Les anges déposèrent les restes des victimes sur le sol et s’employèrent à apaiser la foule qui réclamait les apôtres à grands cris.

— Pourquoi êtes-vous ici ? demanda Cael.

— Nous avions besoin de vous voir, maître, répondit une voix féminine.

— Qui êtes-vous ?

— Nous sommes vos brebis.

La jeune femme sortit des rangs et s’agenouilla devant le prophète.

— Je suis Haleli.

Cael prit ses mains en lui souriant.

— Et toi, tu es l’un de mes bergers.

— J’ai vu ce tombeau dans un songe, lui confia Haleli, alors j’ai conduit votre troupeau jusqu’ici. Nous ne savions pas pour qui il était destiné.
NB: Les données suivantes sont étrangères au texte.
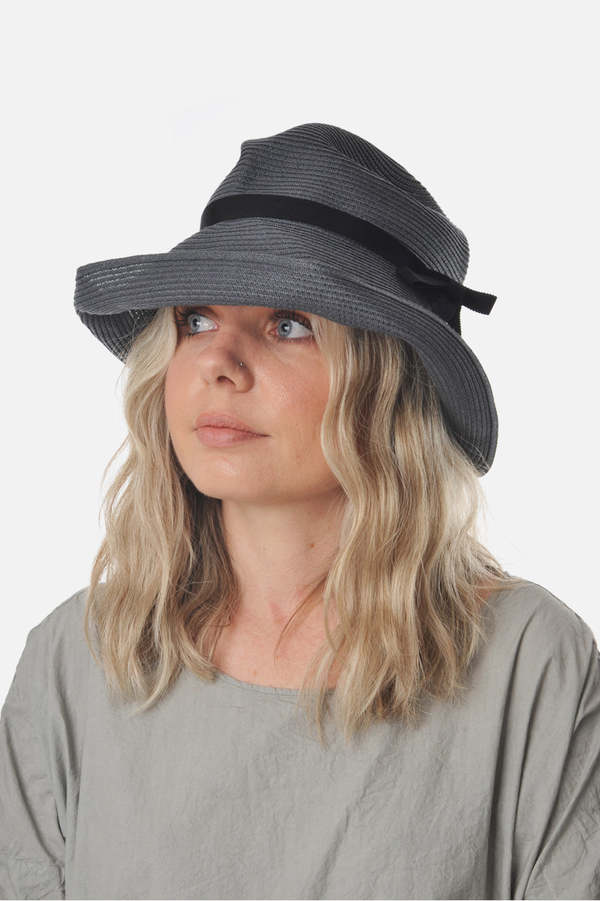 Mature Ha Boxed Large brim Hat - Charcoal/Black | Garmentory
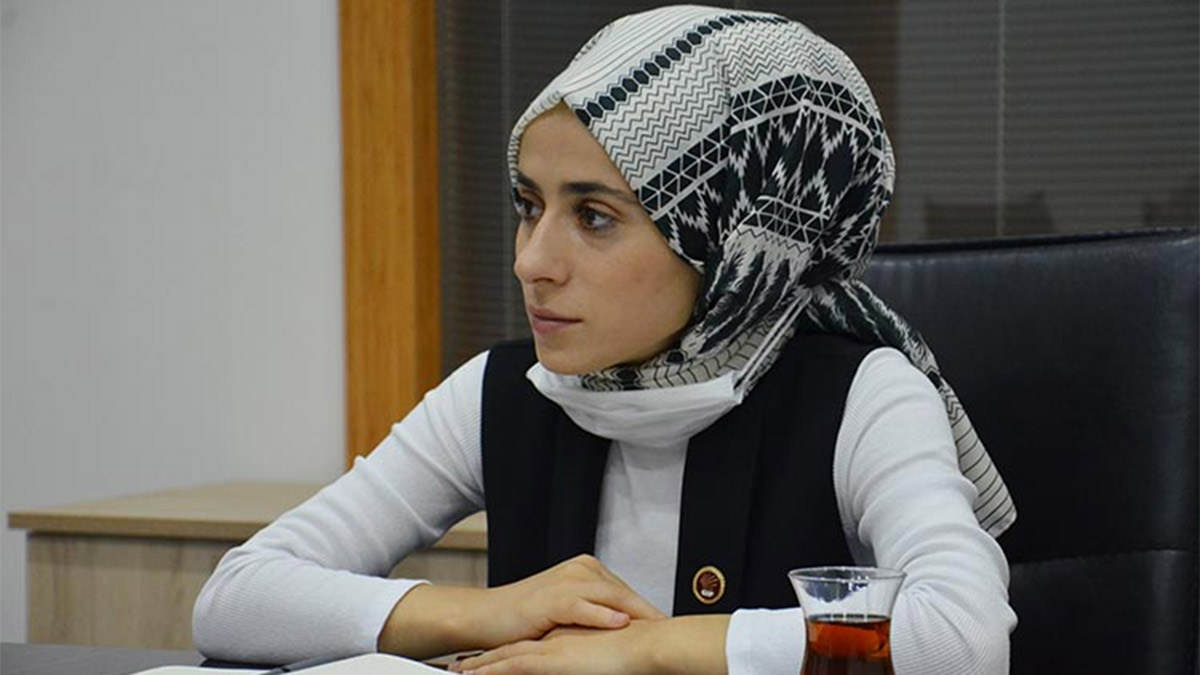 CHP tarihinde bir ilk: Başörtülü avukat Sevgi Kılıç parti yönetiminde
L’Israélienne baissa les yeux sur les corps des Témoins.

— Nous laisserez-vous nous occuper d’eux ?

— Je vous en prie, l’y invita Cael.

Les deux anges assistèrent alors à l’enveloppement de Képhas et de Yahuda dans de grands linceuls en lin. La foule se mit alors à prononcer des prières pour le salut de leur âme. Reiyel fit un pas vers les fidèles avec l’intention de les informer que ces deux apôtres n’en avaient pas besoin, car ils étaient déjà auprès du Père, mais Cael lui saisit le bras pour l’en empêcher.

— Laisse-les faire.

Ayant réuni leurs corps et leurs têtes, de jeunes gens transportèrent les cadavres à l’intérieur de la grotte creusée dans le roc, puis ils firent rouler la grosse pierre devant l’entrée.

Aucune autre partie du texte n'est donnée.